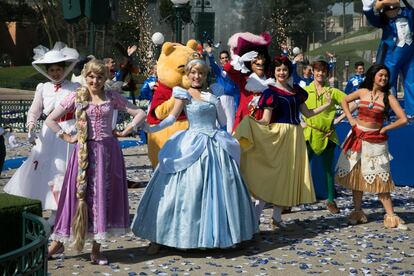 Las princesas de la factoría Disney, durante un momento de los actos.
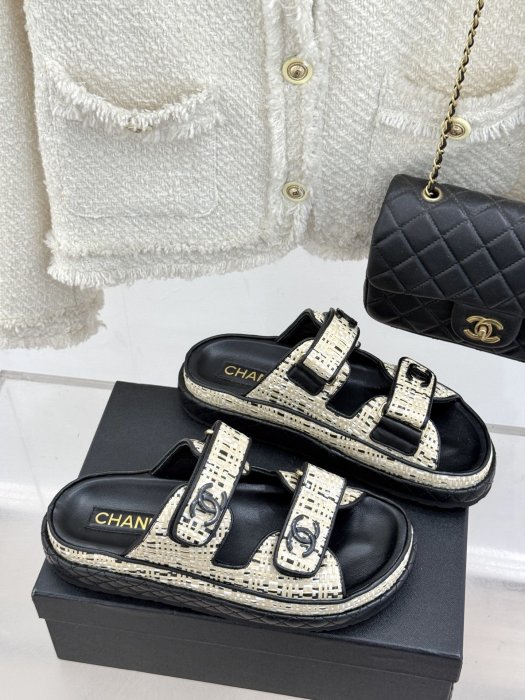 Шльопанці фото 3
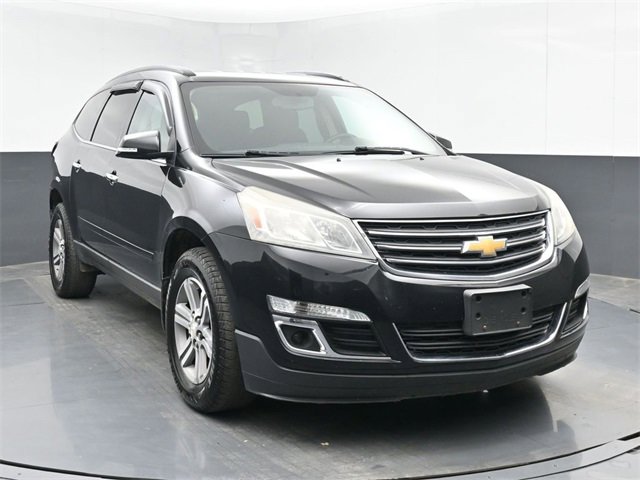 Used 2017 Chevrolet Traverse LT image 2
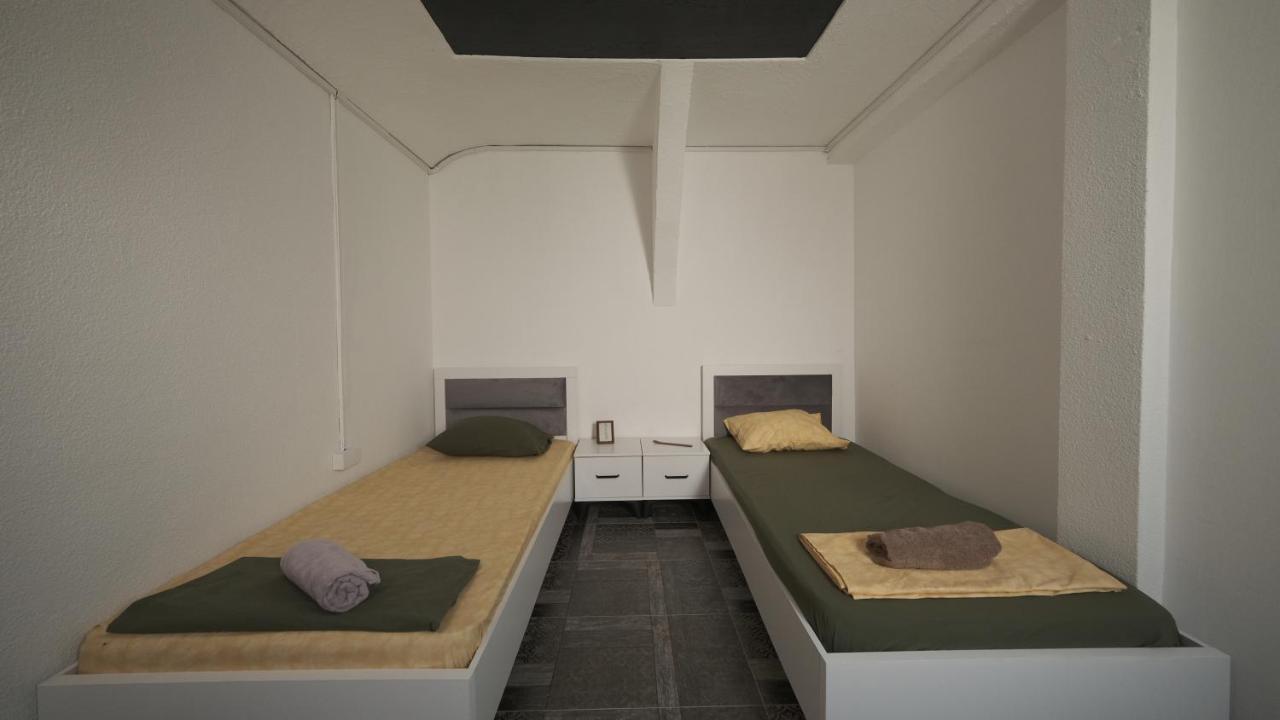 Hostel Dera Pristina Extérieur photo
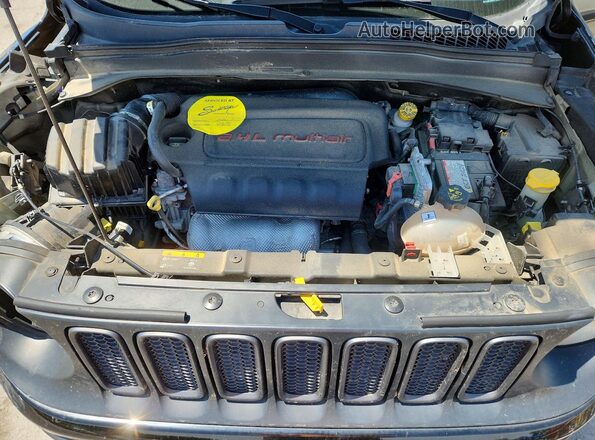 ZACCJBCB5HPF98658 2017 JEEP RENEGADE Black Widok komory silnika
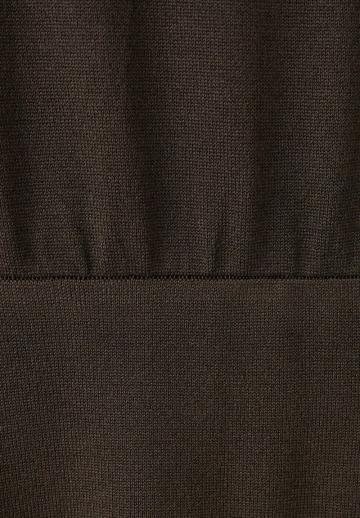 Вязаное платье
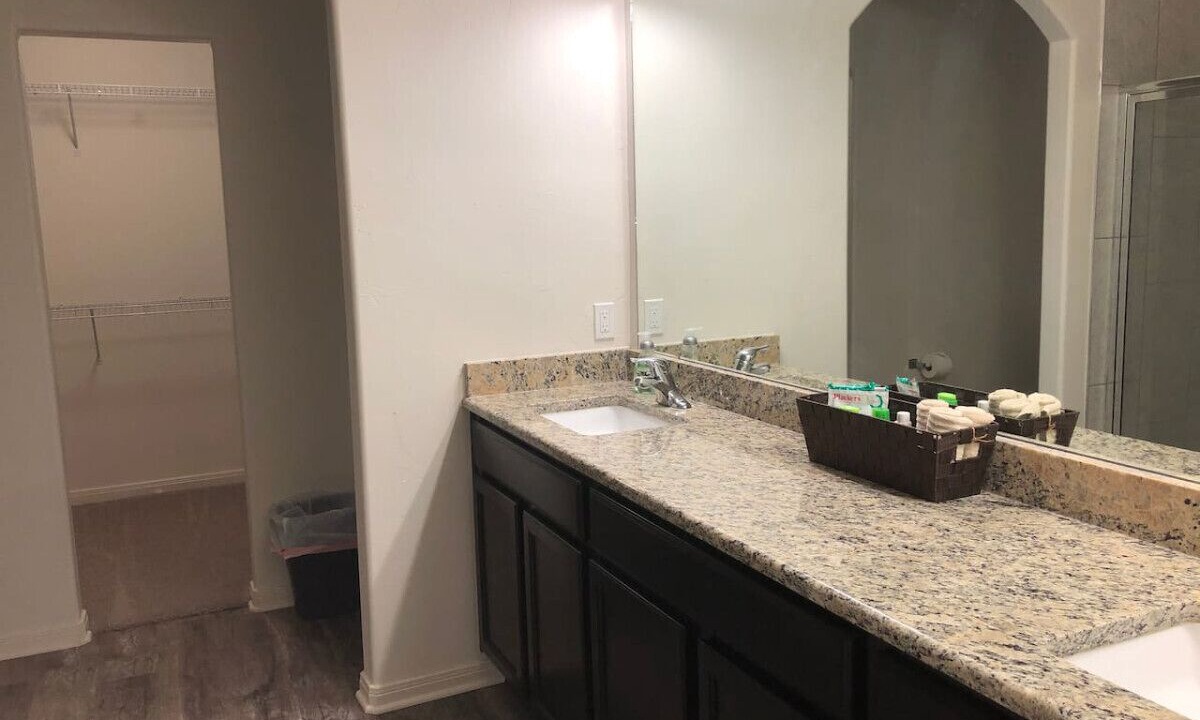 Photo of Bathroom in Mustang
...
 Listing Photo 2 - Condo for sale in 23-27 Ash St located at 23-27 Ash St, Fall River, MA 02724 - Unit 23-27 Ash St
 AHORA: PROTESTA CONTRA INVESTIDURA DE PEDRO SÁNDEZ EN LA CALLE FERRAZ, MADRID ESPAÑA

The problem >> The answer must be the lines above from the one containing "Las princesas de" through the one containing "Photo of Bathroom in Mustang", reproduced exactly, with no pictures and nothing else.

Task solution >>
 Las princesas de la factoría Disney, durante un momento de los actos.
 Шльопанці фото 3
 Used 2017 Chevrolet Traverse LT image 2
 Hostel Dera Pristina Extérieur photo
 ZACCJBCB5HPF98658 2017 JEEP RENEGADE Black Widok komory silnika
 Вязаное платье
 Photo of Bathroom in Mustang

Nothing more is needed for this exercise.